Amor que atravessa distâncias
O casal pediu alguns dias para refletir, mas a decisão parecia já estar tomada no coração. Uma busca rápida na internet trouxe a confirmação: uma notícia falava sobre uma bebê de seis meses, encontrada em Sete Quedas. O nome? Maria Clara, o mesmo que o abrigo havia dado. “Falei: é ela. Não pode ser outra.”
Vieram então as primeiras chamadas de vídeo e, depois, o tão esperado encontro presencial, seguindo todos os protocolos da pandemia. A convivência no abrigo foi intensa, cheia de amor, descobertas e certezas.
“Quando vi aquela menininha no colo da cuidadora, mamando, tão viva, tão lutadora… percebi que ela não era um diagnóstico, ela era vida, amor, nossa filha.”

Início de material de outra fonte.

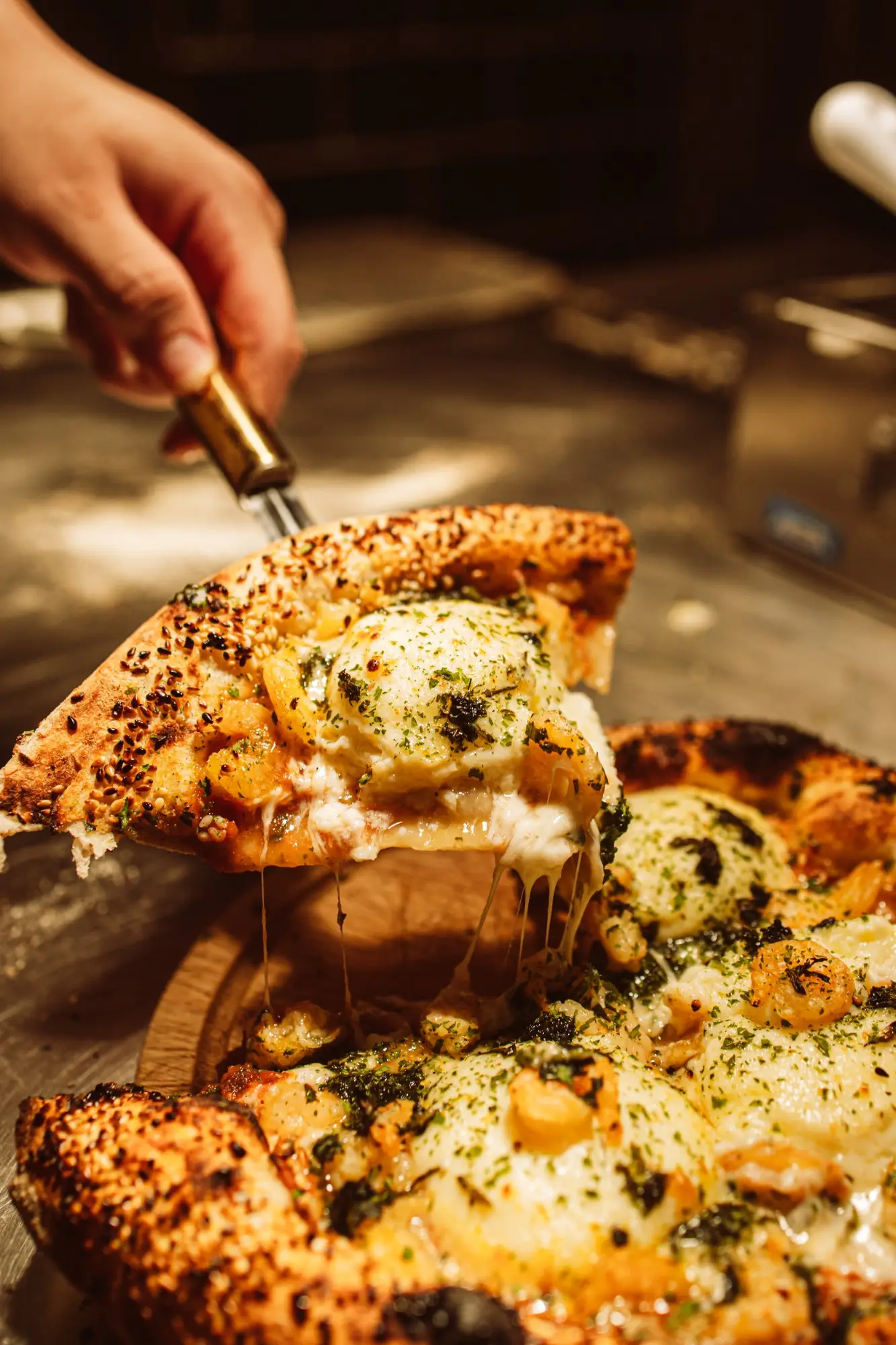 Fatia de pizza de camarão sendo levantada, com o queijo esticando e a borda coberta de gergelim tostado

O casal apresentou por videochamada o quarto que prepararam para Maria Clara, com papel de parede, berço feito pelo próprio pai e uma guirlanda com o nome dela na porta. Emoção que atravessou telas e corações.
Superação além do amor
Após os dias de convivência e a guarda provisória concedida, Maria Clara seguiu para Rondônia, onde a nova vida começava de fato. Pouco tempo depois, enfrentaram juntos um novo desafio: uma cirurgia urgente para colocação de uma válvula de derivação, essencial no tratamento da hidrocefalia.
Mesmo em meio às restrições da pandemia, com hospitais sobrecarregados e incertezas no ar, tudo deu certo. A rede de apoio, os profissionais de saúde e, principalmente, a força de uma família construída no amor, foram fundamentais.
Hoje, Maria Clara cresce rodeada de cuidado, amor e superação. E Débora faz questão de reforçar: “A adoção não é um ato de caridade. É sobre amor, é sobre se abrir para algo maior. Não foi só ela que ganhou uma família. Nós é que fomos presenteados com ela.”
O papel do Judiciário
A história de Débora, Paulo e Maria Clara reforça também o papel fundamental do Judiciário no processo de adoção. Desde a habilitação até a guarda definitiva, o acompanhamento da equipe técnica e as garantias legais são essenciais para assegurar que o processo seja feito com responsabilidade, segurança e, sobretudo, muito amor.
* Os nomes são fictícios para preservar a identidade dos envolvidos.